Cincinnati Real Estate is an exciting industry, or hobby, depending on your current occupation. For me, it is both, as I am a Full Time, Resident Realtor, with a focus on Mt. Lookout, Hyde Park and Oakley, and the East side of Cincinnati in general. As a Certified Residential Specialist as well as a Hyde Park area resident, I find the numbers I am about to show you as vital as the air we breathe. I don’t think I have been involved in a conversation in a social setting in the last two years where the Real Estate market wasn’t a large topic amongst my local friends and acquaintances, in the midst of buying or selling in this market.
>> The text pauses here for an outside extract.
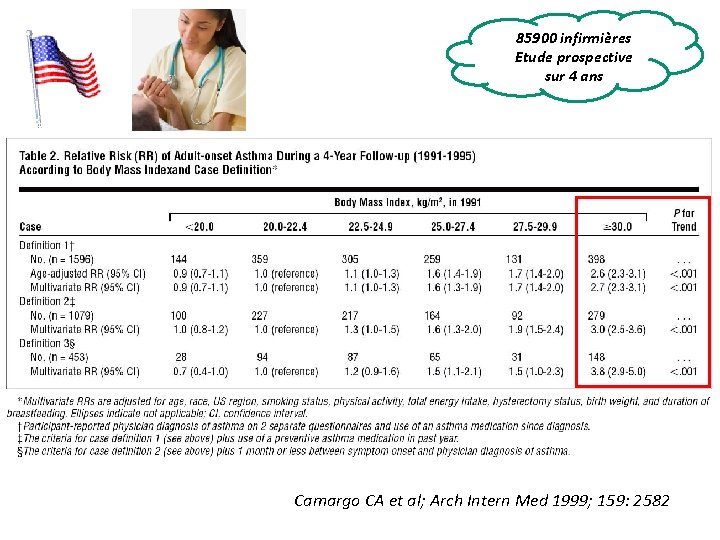 85900 infirmières Etude prospective 13513 sur 4 ans Camargo CA et al; Arch Intern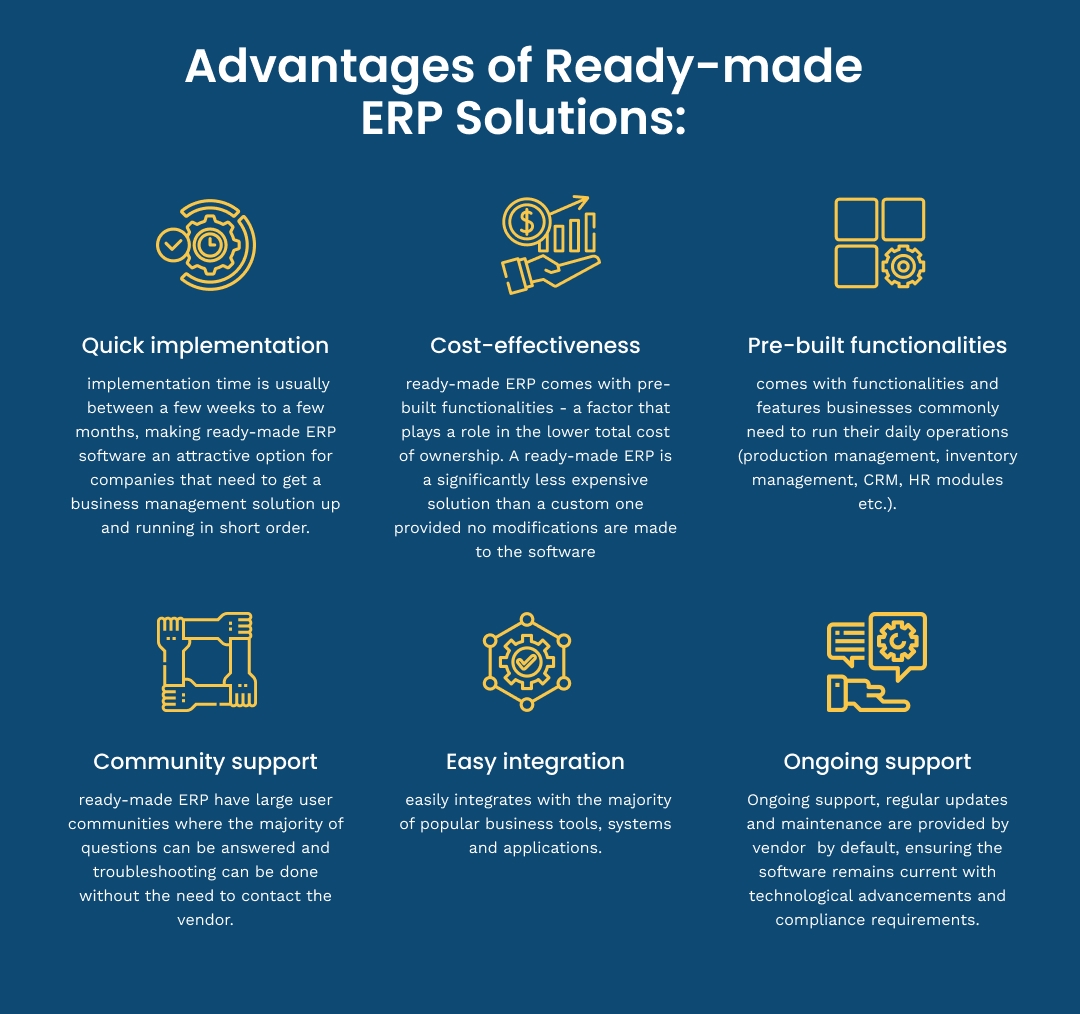 Infographic: Custom Software vs. Pre-Packaged Solutions—A Side-by-Side Comparison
It is somewhat of a buyers market still, I would venture to call it a Price Correction Period, but even with that, we are seeing great appreciation figures over 5, 3 and 2 years after purchase. Let me show you some specific information that was compiled through several MLS searches I run on a regular basis to help me and my buyers and sellers understand the current market.
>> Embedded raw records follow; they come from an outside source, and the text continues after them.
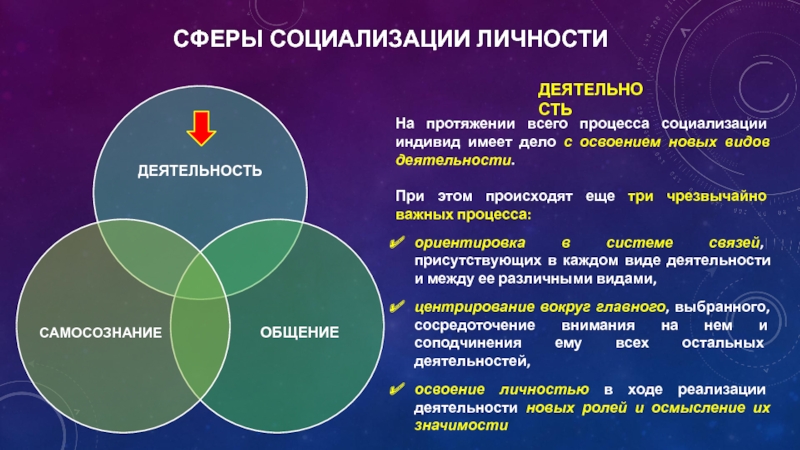 Воспитание личность общество. Процесс социализации личности. Основные этапы социализации индивида. Этапы социализации личности презентация. Личность процесс социализации личности.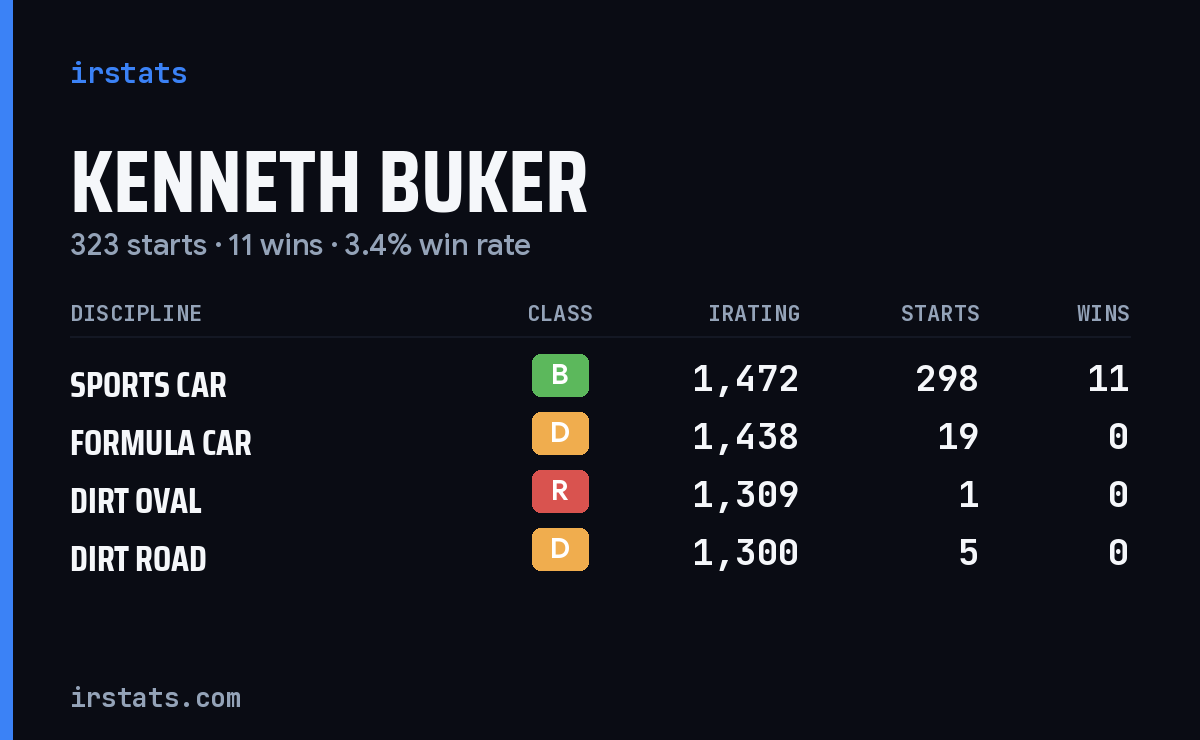 Kenneth Buker iRacing stats card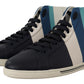 Elevate Your Style with Chic High Top Sneakers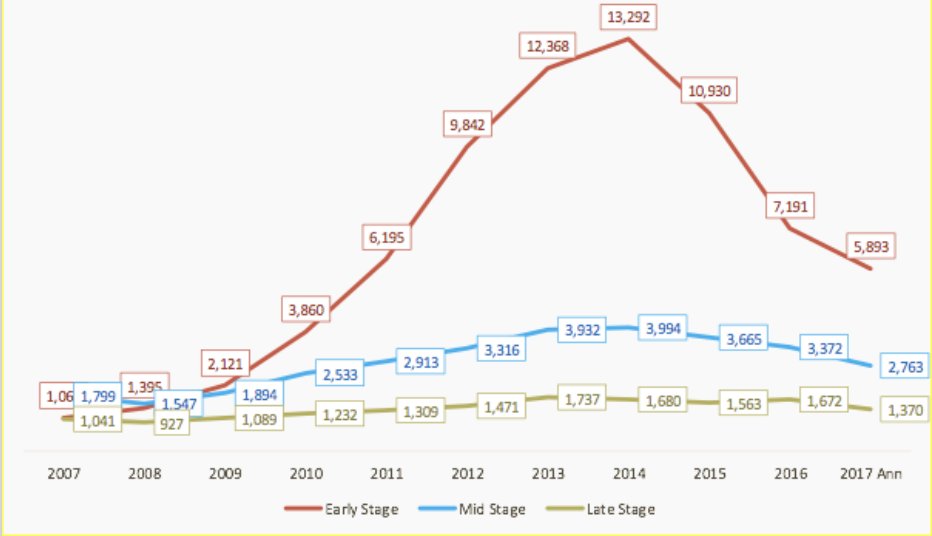 TechCrunch's tweet image. There’s an implosion of early-stage VC funding, and no one’s talking about it tcrn.ch/2Aum6VF
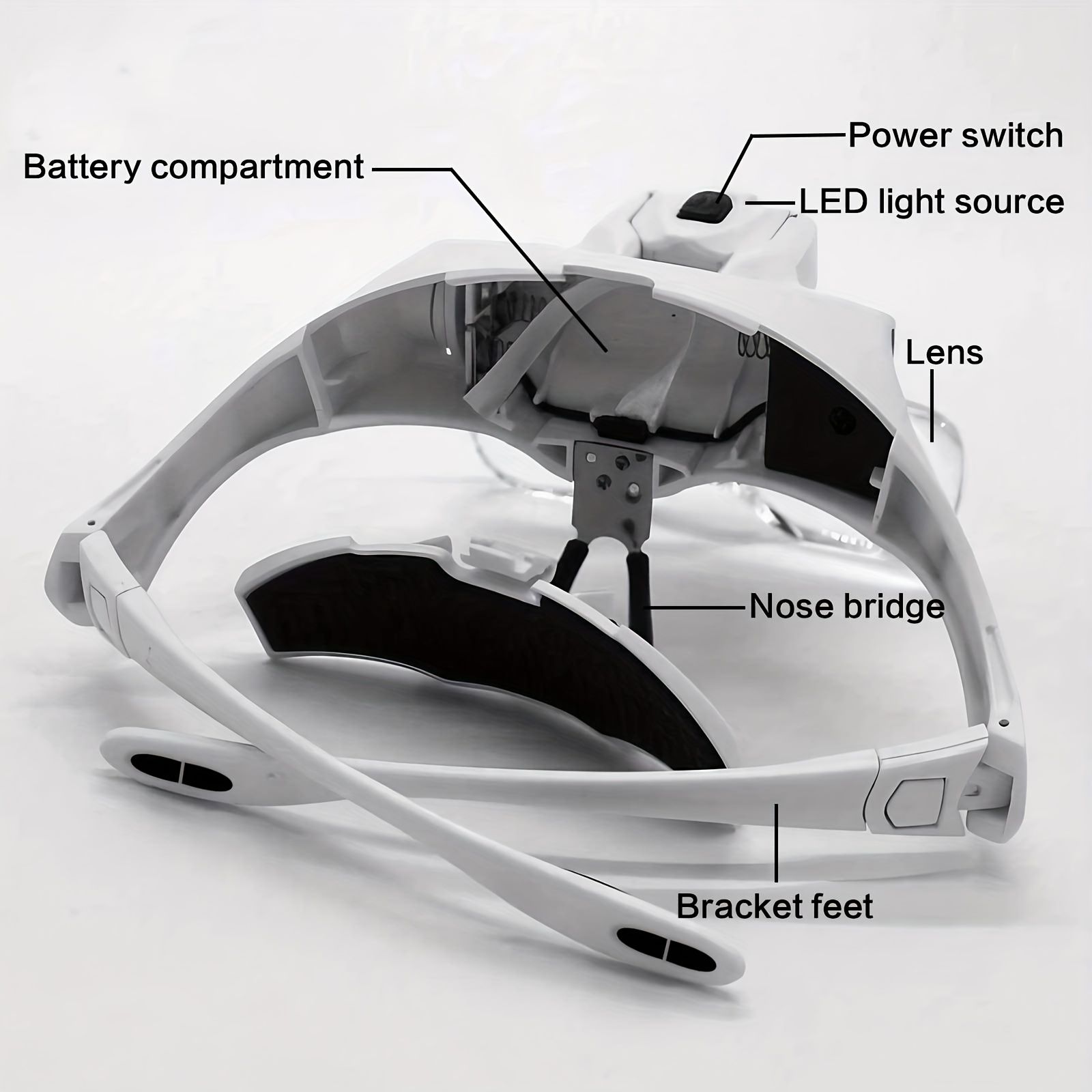 Head-mounted Magnifying Glass with LED Lighting, Adjustable Headband, 5 Interchangeable Lenses 1.0X, 1.5X, 2.0X, 2.5X, 3.5X for Reading, Maintenance, Jewelry Processing, Electronic Maintenance, Handic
Area Comparison - Quarter 1, 2007
This information was complied through the use of the Cincinnati MLS, creating a 90 day snapshot of the local market, and later in the article, a look 5 years back at the average increase in values over time. I hope you will find this information informative and unique, and should you have any additional questions, you can reach me. See each of these charts attached to this blog, the first pertains to the Market Analysis and is called Q1 Area Numbers, and the second group of figures can be found in 2006 Area Appreciation.
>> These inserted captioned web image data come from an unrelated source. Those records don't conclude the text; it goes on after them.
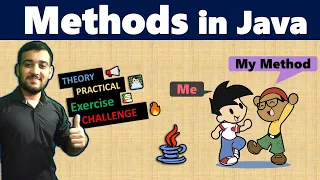 Methods in Java in Types of Methods in Java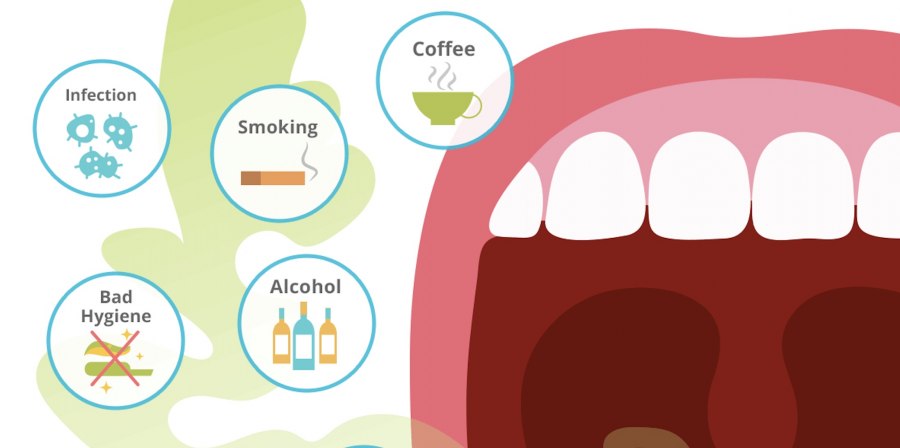 ۵ دلیل برای بوی بد دهان و نحوه رفع آن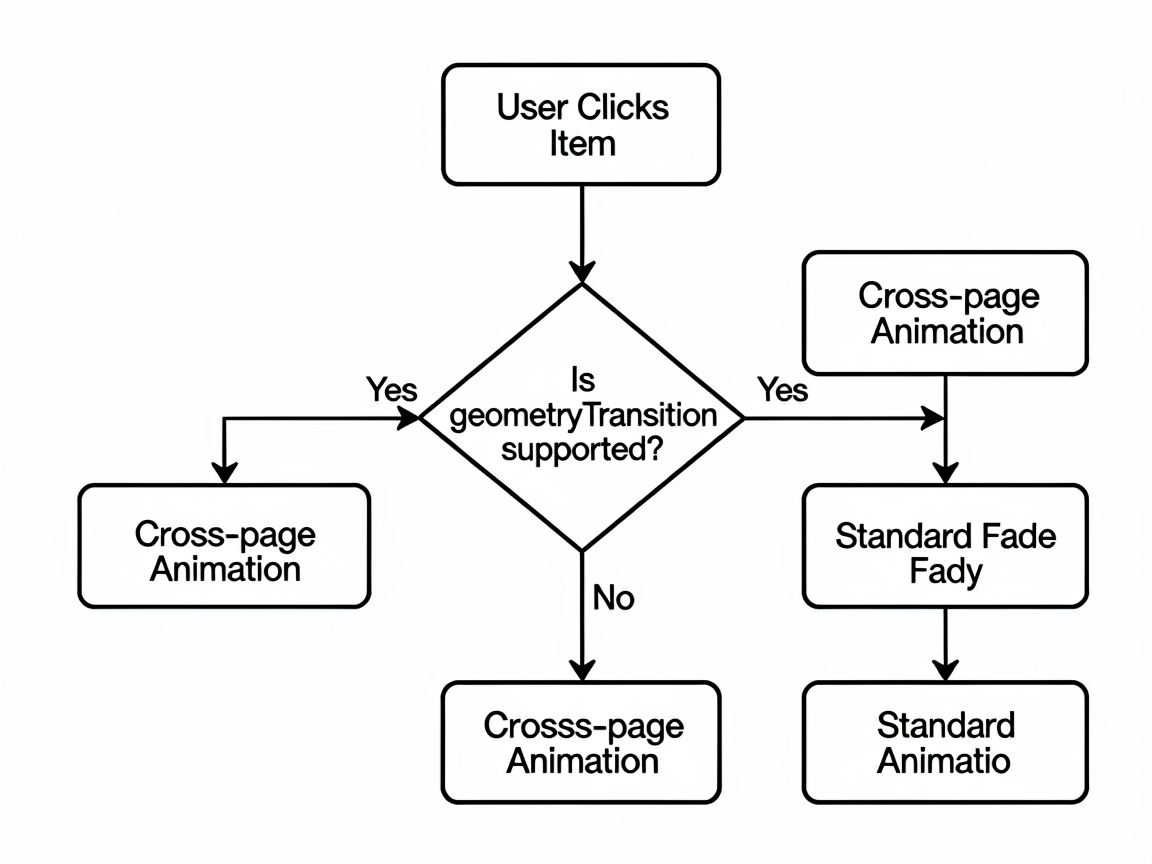 A structured Notion-style flowchart showing the li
Mount Lookout Local Market Analysis and Absorption Rate

In the last 90 days the Mount Lookout market has seen 127 homes go on the market, sell or go pending. Of those 127, 35 were sold in the last 90 days, 20 are pending a closing and 72 remain for sale today. The average home sold in Mt. Lookout is priced at 466,475 and the average sold home sells for 323,932. The average home has 3 bedrooms, 2.97 bathrooms and remains on the market for an average of 73 days. 54% of the time, homes in Mt. Lookout sell in less than 30 days, at about 95% of their list price.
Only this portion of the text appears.